→ Try it:
Begin at the line containing "Derrick Coleman Basketball" and give again every line to the end of the records, exactly, without the pictures.

Start of Provided data

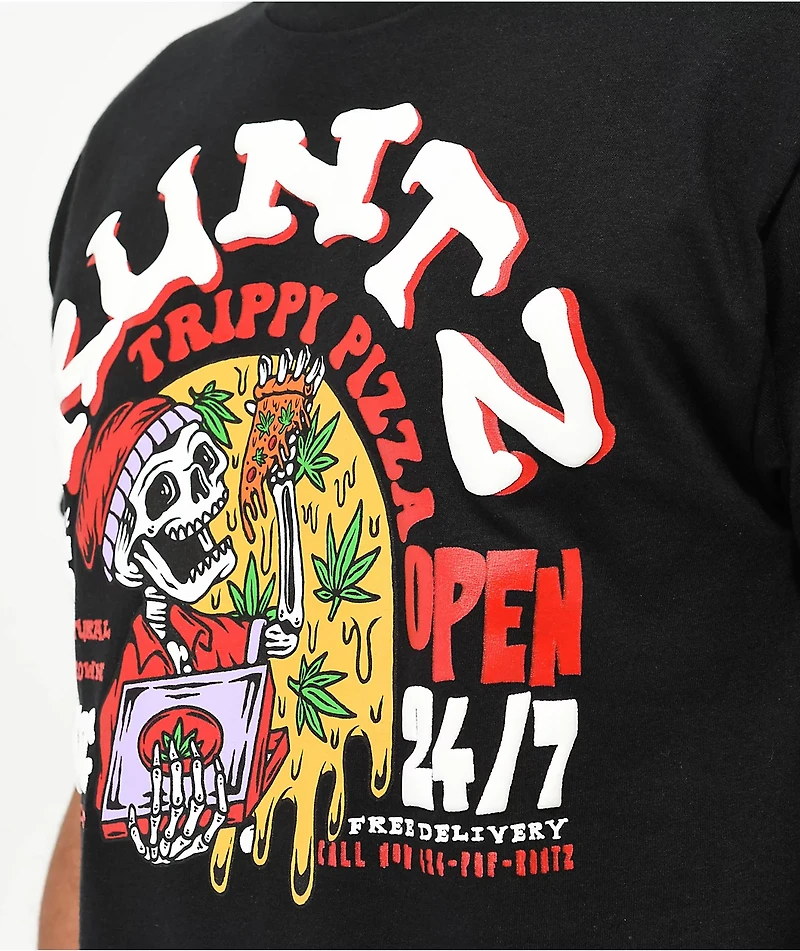 Runtz Trippy Pizza Black T-Shirt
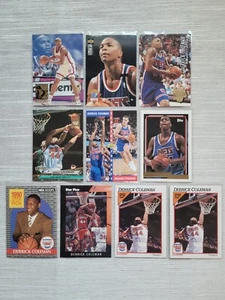Derrick Coleman Basketball 10 card lot 1990-95--4 rookie cards and 1 Topps Gold! - Picture 1 of 2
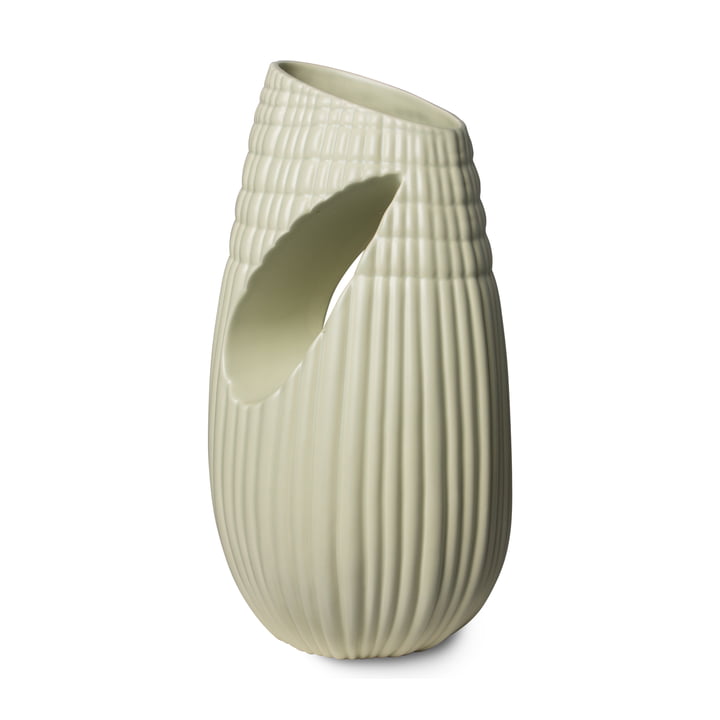 Objects Ribbed Ceramic vase from HKliving in the color matt minty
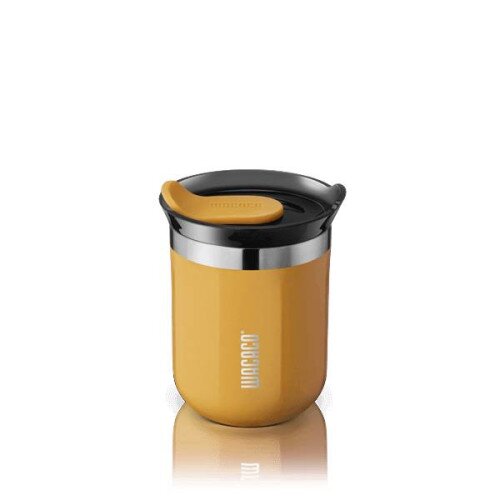Wacaco Octaroma Vacuum Insulated Mug - Classico - 6 fl oz - 180 ml - Amber Yellow
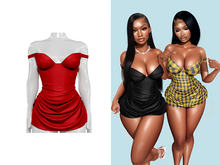 [Brior] Ayla Bustier Dress - (Red)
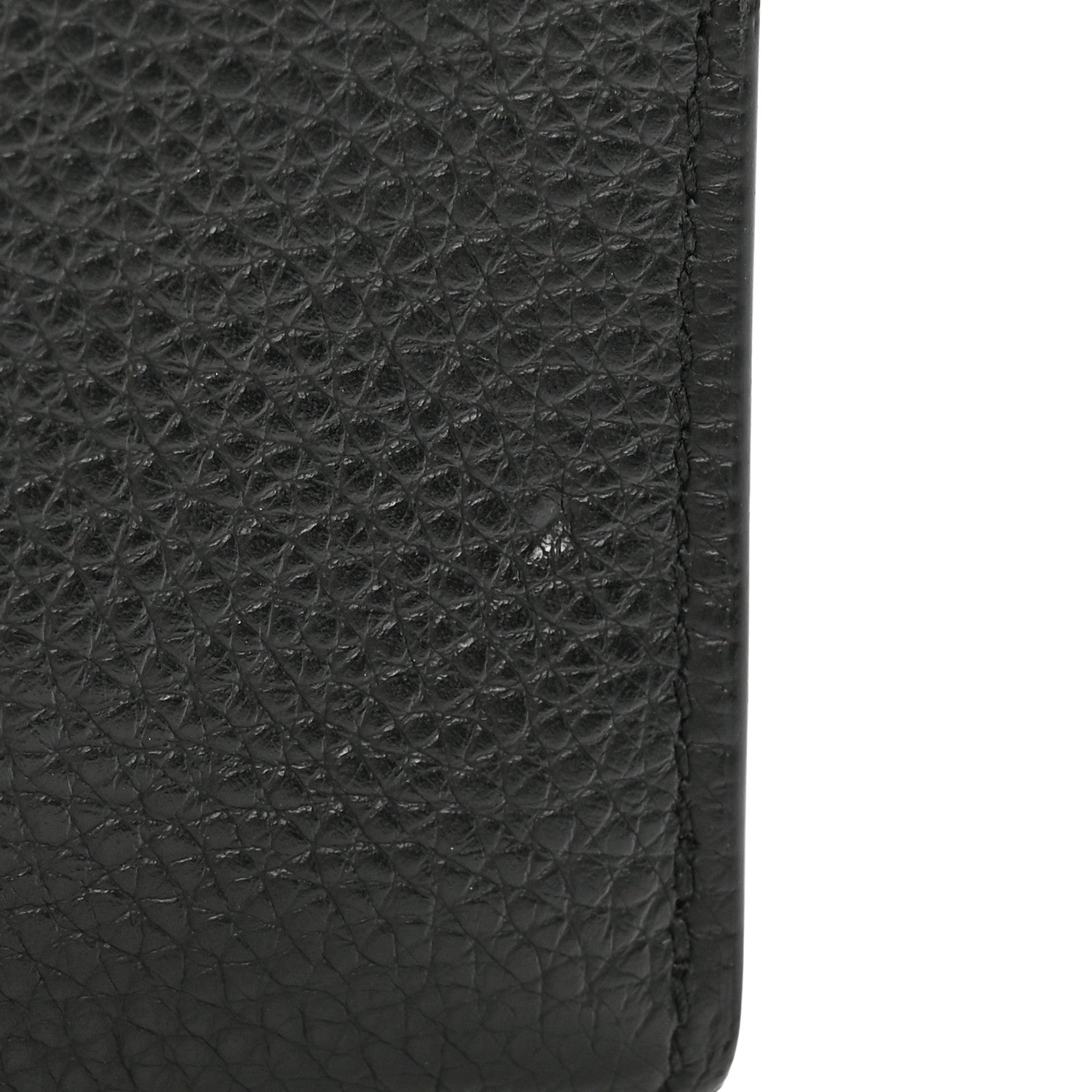 Salvatore Ferragamo Calfskin City Wallet On Chain Black 11 of 13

End of Provided data

→ Written response:
Derrick Coleman Basketball 10 card lot 1990-95--4 rookie cards and 1 Topps Gold! - Picture 1 of 2
 Objects Ribbed Ceramic vase from HKliving in the color matt minty
Wacaco Octaroma Vacuum Insulated Mug - Classico - 6 fl oz - 180 ml - Amber Yellow
 [Brior] Ayla Bustier Dress - (Red)
 Salvatore Ferragamo Calfskin City Wallet On Chain Black 11 of 13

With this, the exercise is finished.